Although the words “transparency” and “infrastructure” were used a lot in the recent mayoral election, there was little discussion of the inadequate electric infrastructure on the southwest side of Columbia. June was thankfully cool. But as the summer heats up, the risk of outages returns. As we have noted before, we have an aging substation serving much of the southwest side and more than one transmission line at risk (lacking needed redundancy) in the summer heat.
Most of us are used to purchasing insurance or taking proactive, protective steps when faced with a significant risk of loss. That is essentially what voters approved in 2015 when voting for bond funds that were to be used to fix our inadequate electric infrastructure in south Columbia. That is what the City Council was doing when it first approved the construction of a new, strategically located, substation and transmission line, and then issued bonds, and approved a related increase in rates. The new substation and connected lines were to have been finished by now.
Unfortunately, in January 2016 the Council chose to “pause” construction with no alternative plan in place. In effect, the City Council canceled our insurance even though we have continued to pay the bills through the increased rates. We also paid approximately $200,000 for studies which confirmed both the substation overloading and the fact that delays are costing us significantly. Yet these studies and their implications were never publicly addressed.

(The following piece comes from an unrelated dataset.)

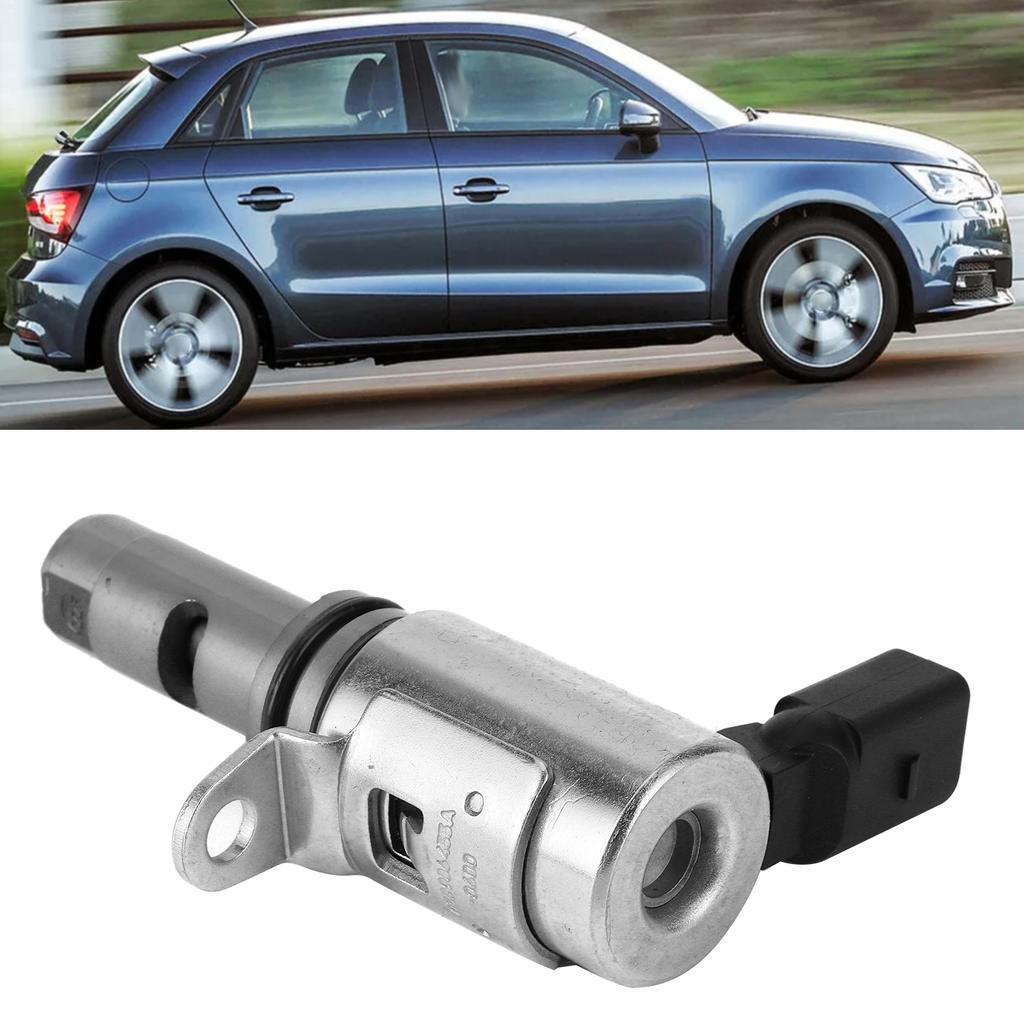 Engine Variable Timing Control Solenoid Valve 03C906455A SEB7782 0899004 Fit for A1A3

Instead, the Council has added additional load by approving construction of the Westbury subdivision, sidelined our experienced staff on planning issues by referring these to a citizen commission whose members are appointed by the Council, and allowed an exodus of experienced line workers (who work to restore service when outages occur) by not paying competitive salaries. These actions only increase the risk and the need to find solutions.

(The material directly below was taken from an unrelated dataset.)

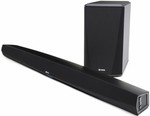 Heos HomeCinema HS2 by Denon Wireless Soundbar and Subwoofer (Was $799) $695 + Delivery ($0 C&C) @ Harvey Norman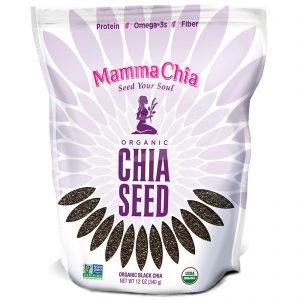 Comprar mamma chia, sementes de chia preta orgânica, 12 oz (340 g) preço no brasil óleo e extrato de semente de chia suplemento importado loja 47 online promoção - 8 de junho de 2023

What the Council does like to talk about is renewable energy. Although renewable energy resources serve an important role in our electric system, they do not eliminate the need for investment in our transmission facilities. Ensuring adequate and reliable electric service presents many complex issues and easy answers are usually wrong. Accurate information and attention to engineering realities are needed if we are to find a way forward.
As we meet the candidates for City Manager, consider the following: Is there a candidate who is willing to challenge the Council when it fails to consider issues that affect our health and welfare? Or when it oversteps the bounds of our Council – Manager form of government? Or when it works to undermine our professional staff? Who is willing to talk openly and honestly to the public about both costs and risks associated with infrastructure needs and failures? Who might move us forward?